Raffaele Riefoli (65 anni) in arte Raf “Self Control“ pubblicata nel 1984 ha venduto più di 20 milioni di copie nel mondo
L’idea iniziale era quella di un tour nei club. “Perché ‘Self control’ è nata lì e quella era, quindi, la sede naturale in cui festeggiarne i 40 anni”, racconta Raf a proposito della celebrazione che lo porta il 23 maggio agli Arcimboldi e in 19 luglio al Lazzaretto di Bergamo nell’attesa di tornare poi in autunno, il 15 novembre al Teatro Sociale di Mantova, il 22 al Clerici di Brescia e il 25 al Galleria di Legnano. “Poi c’è stata l’idea di anticipare il giro di concerti con un evento al Forum, lo scorso novembre, anche se la cornice ideale di alcune delle mie ballad più popolari, magari in versione acustica, sono auditori con la gente seduta. Così abbiamo pensato di aggiungere una tranche nei teatri”.
C’è stata qualche canzone che ha avuto una seconda chance da questi concerti?
“La maggior parte delle canzoni in scaletta hanno avuto un percorso felice fin dall’uscita. Io, però, lo scorso anno ho avuto l’idea di rivisitarne alcune in collaborazione con dei colleghi e riunirle in un ep passando da ‘Due’ con Elodie ad ‘Infinito’ con Levante, da ‘Cosa resterà degli anni ‘80’ con Giuliano Sangiorgi e ‘Il battito animale’ con J-Ax, ma anche ‘Lacrime e fragole’ e ‘La danza della pioggia’, che non fanno certo parte delle mie dieci hit più popolari, Davide Bassi, anzi Bassi Maestro, come si fa chiamare. Sentire com’è venuta ‘Cosa resterà…’ riarrangiata per l’orchestra di Ennio Morricone è stata, indubbiamente, una scoperta”.
Dopo questo tour cosa c’è?
“Farò musica per tutta la vita ma non credo che farò dischi per tutta la musica. Anche se qualche altro vorrei metterlo in cantiere. Sto scrivendo con l’intenzione di mettere in cantiere, magari, un nuovo album da pubblicare nel 2026. Anche se viviamo in un’epoca in cui sembra complicato produrne, perché si prediligono le performance degli algoritmi digitali alle emozioni; un’epoca di tormentoni da far sembrare il pop degli anni ‘80-‘90 profonda musica d’autore. Impegnata”.
Il tour va avanti dall’anno scorso. Per Raf ci sono più Italie o una sola?
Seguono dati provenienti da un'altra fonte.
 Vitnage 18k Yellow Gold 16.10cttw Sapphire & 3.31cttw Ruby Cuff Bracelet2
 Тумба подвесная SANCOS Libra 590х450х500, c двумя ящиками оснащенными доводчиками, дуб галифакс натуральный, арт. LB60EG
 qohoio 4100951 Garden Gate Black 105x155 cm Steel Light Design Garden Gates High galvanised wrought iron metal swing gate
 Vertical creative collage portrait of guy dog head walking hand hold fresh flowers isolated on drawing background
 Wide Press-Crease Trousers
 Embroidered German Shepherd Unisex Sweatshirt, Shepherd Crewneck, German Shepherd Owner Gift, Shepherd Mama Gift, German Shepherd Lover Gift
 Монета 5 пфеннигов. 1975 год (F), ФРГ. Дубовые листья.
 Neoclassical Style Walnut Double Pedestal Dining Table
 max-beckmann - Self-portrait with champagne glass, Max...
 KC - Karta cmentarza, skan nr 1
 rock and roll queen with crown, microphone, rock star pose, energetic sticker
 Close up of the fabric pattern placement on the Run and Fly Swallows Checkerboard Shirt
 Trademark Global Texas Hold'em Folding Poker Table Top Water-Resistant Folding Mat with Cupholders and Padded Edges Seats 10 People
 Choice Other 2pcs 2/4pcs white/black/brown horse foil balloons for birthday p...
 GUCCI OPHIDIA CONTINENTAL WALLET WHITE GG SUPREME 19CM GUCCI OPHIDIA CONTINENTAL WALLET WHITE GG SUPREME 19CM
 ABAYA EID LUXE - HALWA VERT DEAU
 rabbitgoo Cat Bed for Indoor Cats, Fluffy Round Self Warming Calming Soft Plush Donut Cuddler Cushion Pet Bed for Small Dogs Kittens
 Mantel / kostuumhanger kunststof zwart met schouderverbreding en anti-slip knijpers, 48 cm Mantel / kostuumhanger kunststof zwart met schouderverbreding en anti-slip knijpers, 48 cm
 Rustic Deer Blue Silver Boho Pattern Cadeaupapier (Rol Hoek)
“Il pubblico un tempo cambiava nettamente tra Napoli e Milano, mentre oggi le differenze sono molte di meno, un po’ perché la televisione ha appiattito i gusti delle masse e un po’ perché l’alta connettività offerta da computer, tablet e smartphone ci rende tutti cittadini del villaggio globale”.
Il 5 ottobre lei è fra gli ospiti dell’“ultima notte rosa” che Umberto Tozzi ha in agenda all’Arena di Verona. Conoscendolo bene, ha capito se smette oppure no?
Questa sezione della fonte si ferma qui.